» **SUPPLIED INFORMATION**:
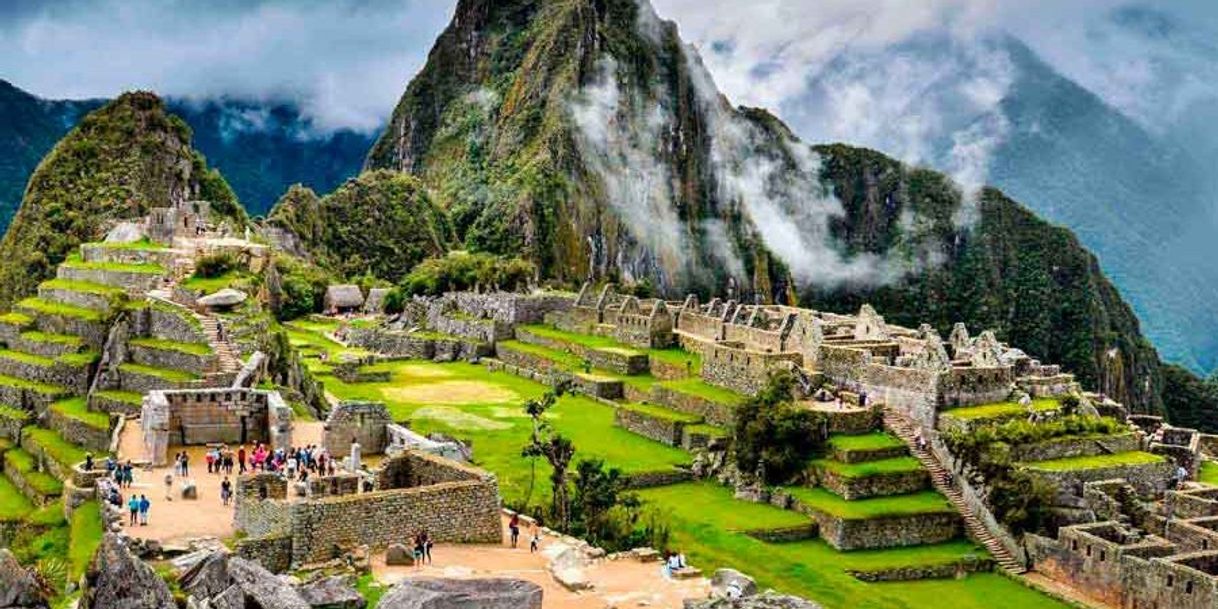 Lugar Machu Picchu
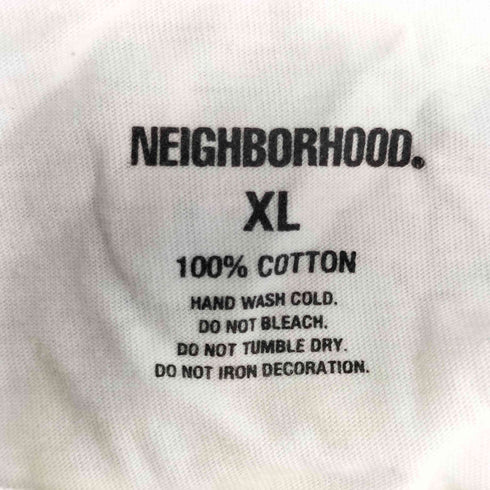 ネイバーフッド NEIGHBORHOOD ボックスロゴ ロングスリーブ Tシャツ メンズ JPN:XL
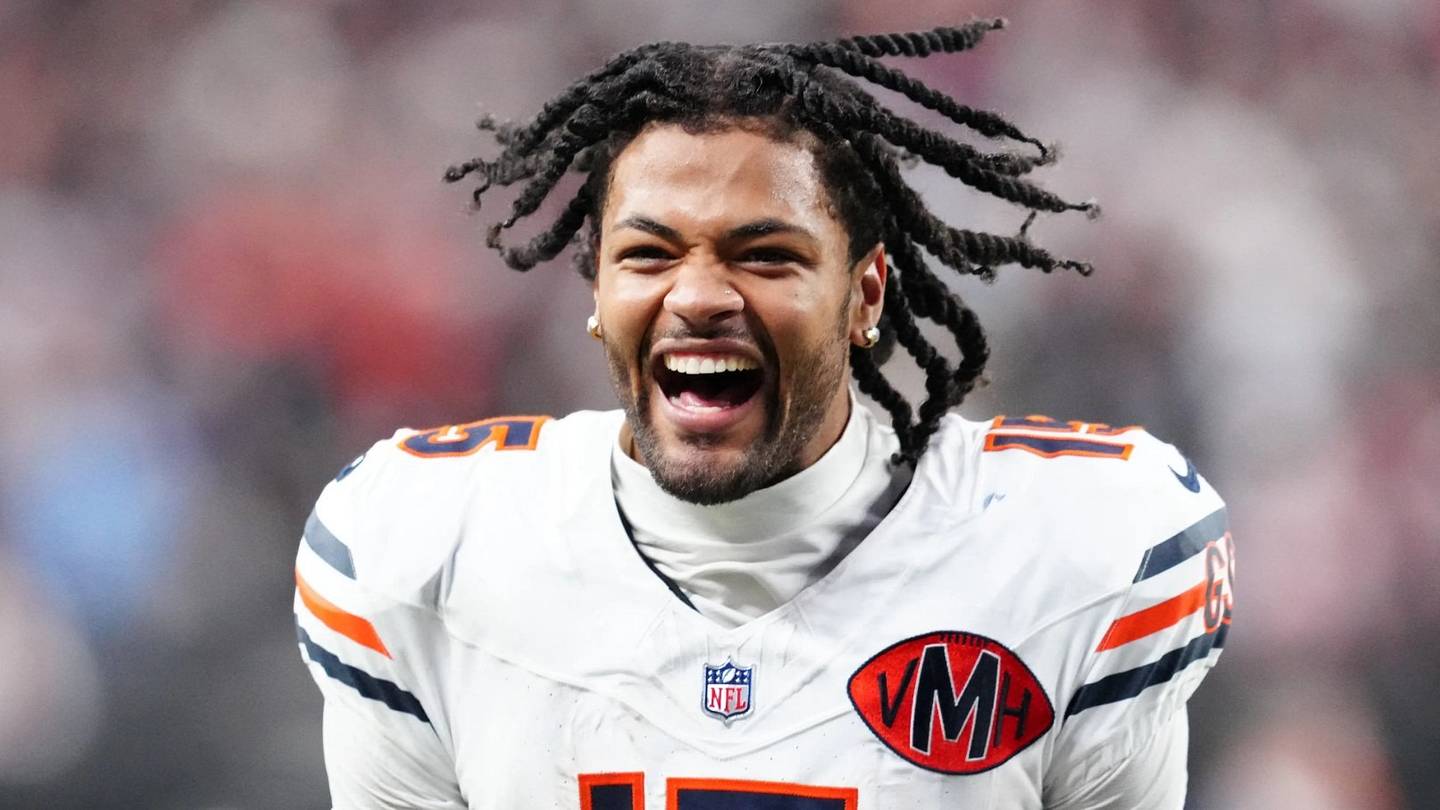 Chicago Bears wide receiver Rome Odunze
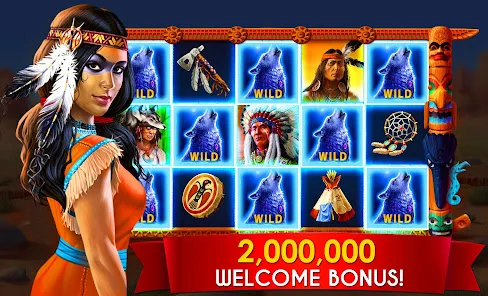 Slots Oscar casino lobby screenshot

» **WORK TO BE COMPLETED**:
Restate the whole listing above exactly, please, omitting every image.

» **WORKED SOLUTION**:
 Lugar Machu Picchu
 ネイバーフッド NEIGHBORHOOD ボックスロゴ ロングスリーブ Tシャツ メンズ JPN:XL
 Chicago Bears wide receiver Rome Odunze
 Slots Oscar casino lobby screenshot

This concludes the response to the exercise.